Jump ahead in time and across in space to the introduction of the pear to the Americas by early settlers of Washington and Oregon. While colonists had tried previously to plant the pear tree in the east coast colonies, widespread crop blights tragically proved too much for those early orchards. Thankfully, upon its transplantation in the 1800s, the pear thrived in the soil of the Pacific Northwest, and to this day the region produces the best crop in the business.
botany & nutrition
And now for some botanical classification, so that you, dear readers, may understand how the pear’s story fits into the larger family of fruits. Pears, like their close cousins the apple and the quince, are considered pomes, a type of fruit picked from flowering plants of the Rose family. Some pears–like the globular Asian pear–can be very difficult to distinguish from an apple, though the pyriform, or pear-shaped, variety with its elongated neck and bulbous bottom have come to be considered classic.
Pears represent a good source of dietary fiber (about 15% of your recommended daily value) and vitamin C (about 11%).
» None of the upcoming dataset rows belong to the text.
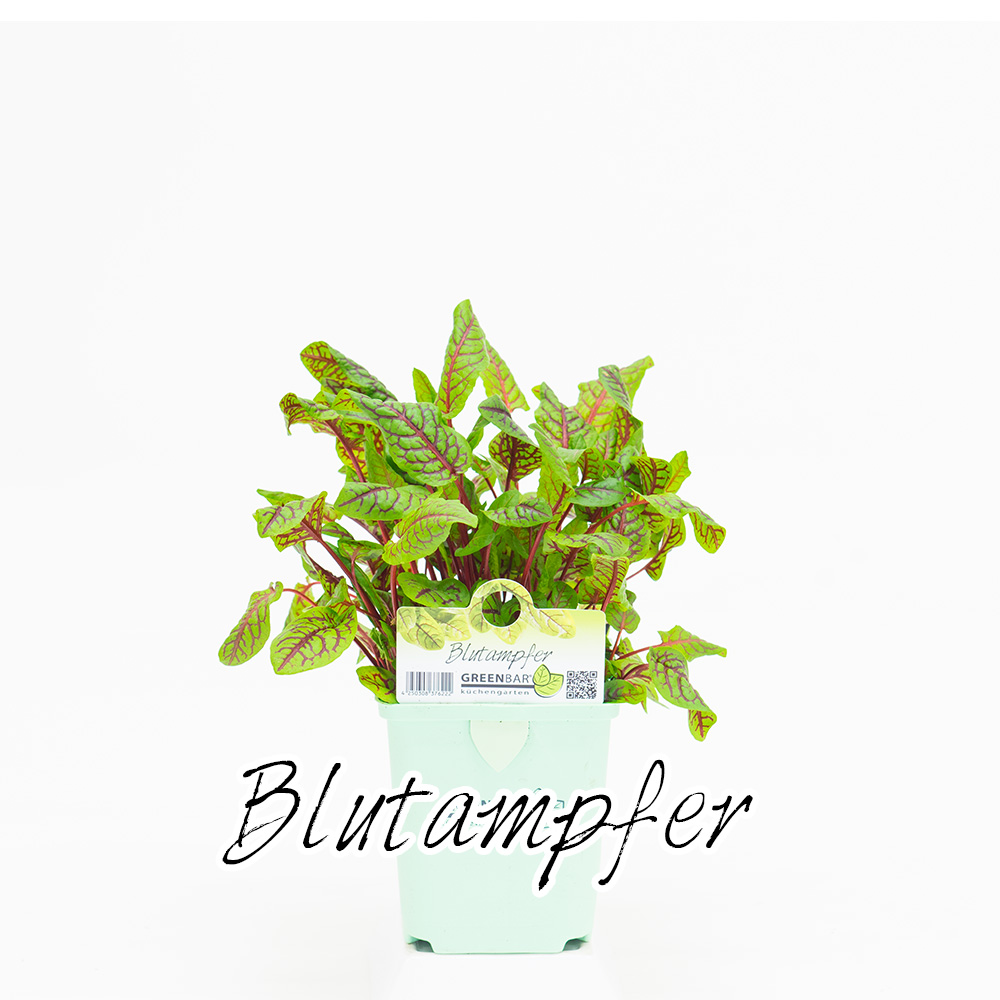 Blutampfer Pflanze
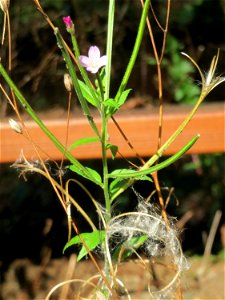 Vierkantiges Weidenröschen (Epilobium tetragonum) an der Freilichtbühne im Deutsch-Französischen Garten in Saarbrücken - die Bühne wird seit Jahren nicht mehr genutzt und findet sich im Zustand des Ve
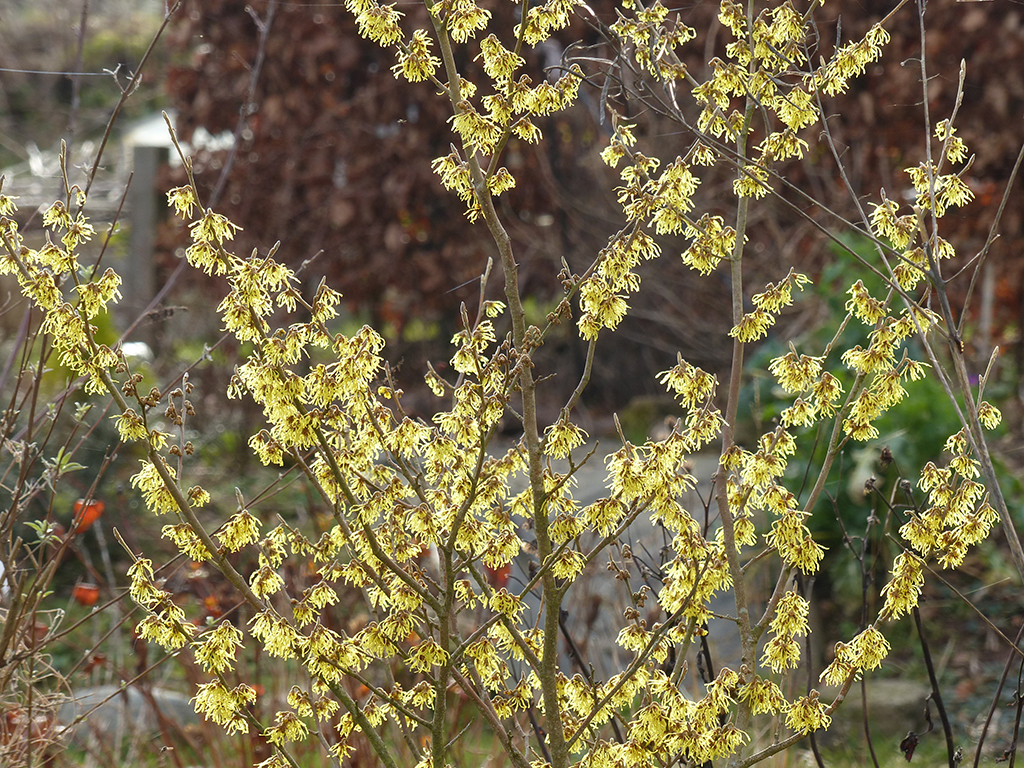 Provide year-round nectar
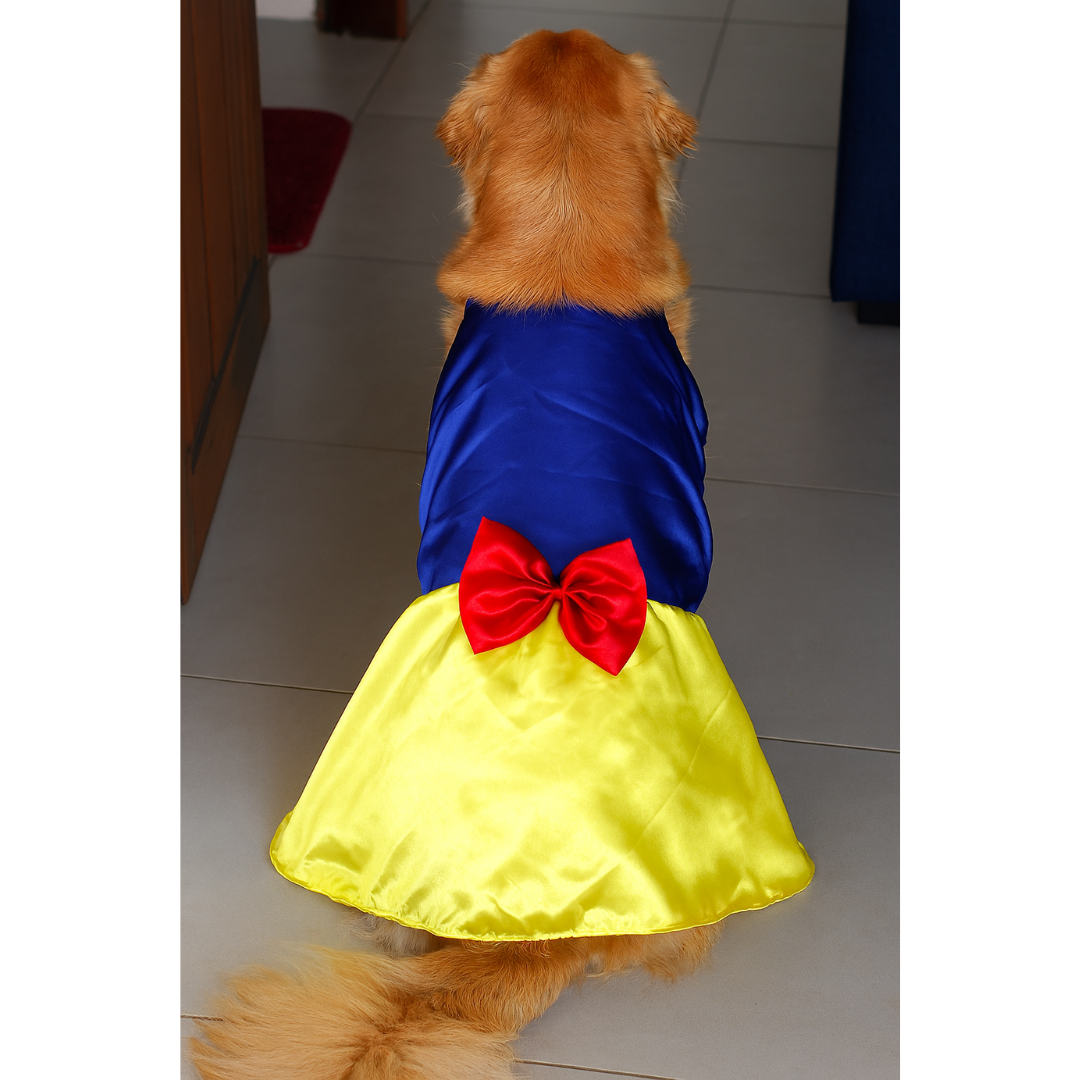 Fantasia Branca de Neve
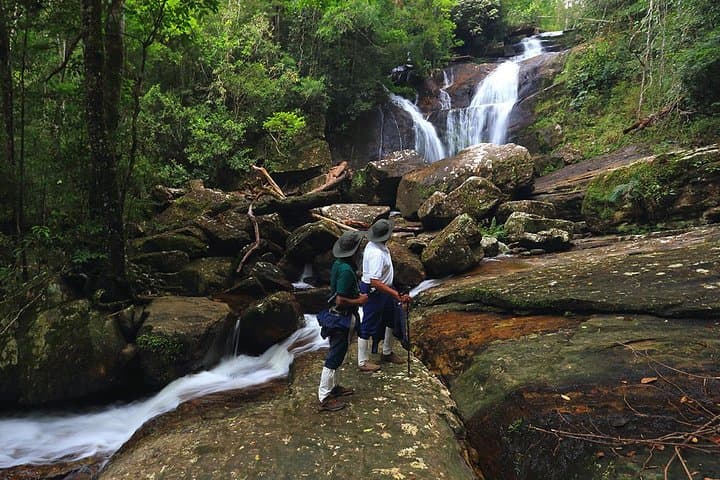 Rain Forest Trekking in Kitulgala Forest Reserve — Day Trek & River Crossing from Kandy photo 2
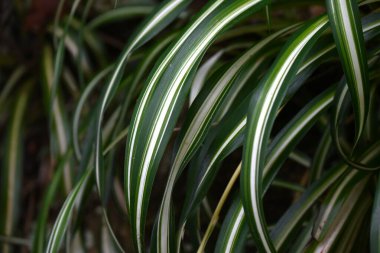 Örümcek bitkisi (Chlorophytum comosum) yaprakları. Kuşkonmaz her daim yeşil olan bitkiler. Güney Afrika 'ya özgü süs bitkisi..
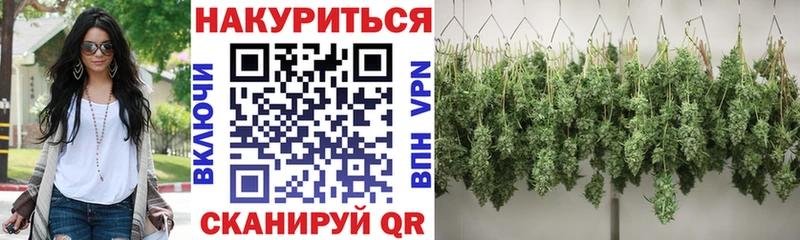 Шишки марихуана Amnesia  Купить  Зубцов 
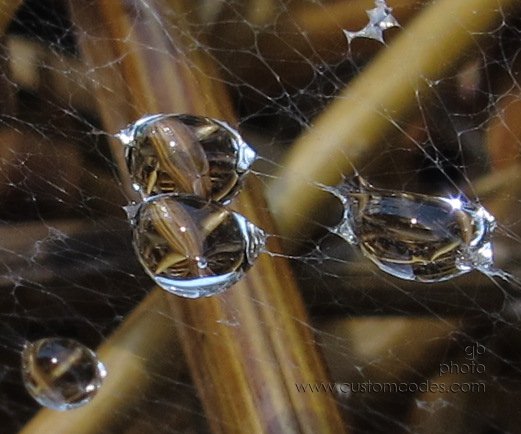 ThreeJewels_20120704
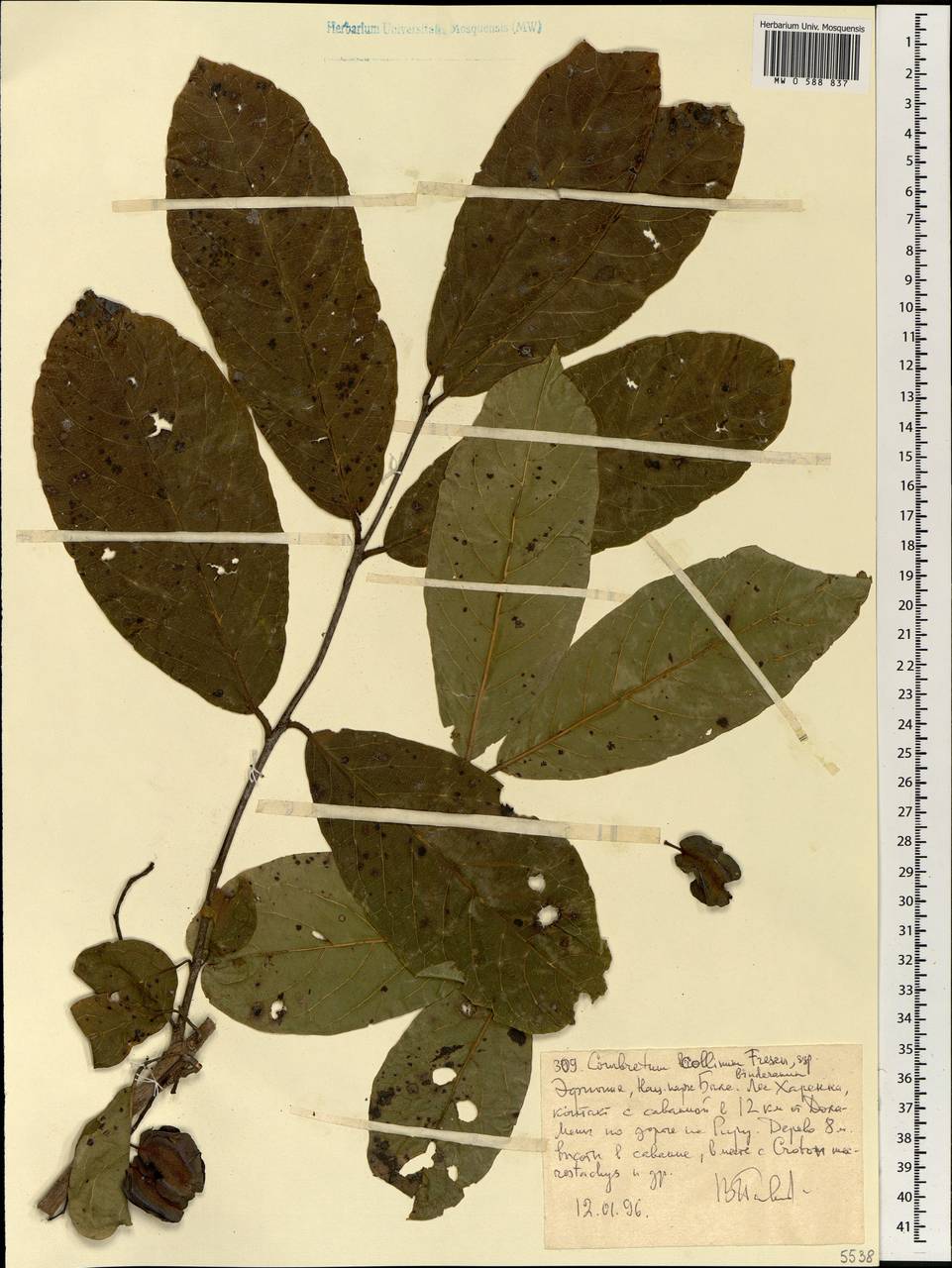Combretum collinum subsp. binderianum (Kotschy) Okafor, Африка (AFR) (Эфиопия)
It has also been identified as a hypo-allergenic fruit, a.k.a. it is less likely than other fruits to produce an adverse response. For this reason, pears can be a great place to start for baby’s debut into the fruit-eating world.
The trusty Oxford English Dictionary recognizes three distinct meanings of the word pear-shaped. You are, indubitably, acquainted with the first meaning, which refers to something shaped like a pear, such as a person, a pearl or a pendant. Nothing revolutionary here. The second definition applies the word to a musical or vocal tone, and indicates that the sound is rich, mellow and sonorous. I think we could all agree that Morgan Freeman’s speaking voice is irresistibly pear-shaped. Finally, the OED notes a probably-unfamiliar British colloquialism that uses the word to describe a situation that has gone terribly awry. I’d like to see this idiom catch on in the States and implore those of you reading this to incorporate the usage into your everyday vernacular. Think: “Man, those Wolverines were doing so well, but after Saturday’s game the season is totally pear-shaped.” Or something.
the endangered pear
And now for an important PSA: pear service announcement. A small but growing number of fruit advocates have been bemoaning the demise of the pear’s once rich spectrum of available varieties. While some 3,000 known varieties of pears are cultivated worldwide, current trends in the industry have forced pear producers to grow and sell a dwindling number of types. The giants of the species–namely, Bartlett, Bosc, and d’Anjou–are squeezing out the lesser-known but still beloved varieties such as Keiffer, Clapp’s Favorite and Vermont Beauty. And the issue is not new. In 1957, Henry Harman wrote a heartfelt plea for the salvation of the species entitled, “Why Pear Materials Should be Preserved.” Consider the following excerpt:
“Sources of pear materials, once abundant in this country, are rapidly disappearing. The great collections of varieties built up and maintained by pear fanciers have all but disappeared. Commercial growers who once took pride in growing many varieties of pears now confine their efforts to a few. ”
If this doesn’t just about break your heart, I don’t know what will.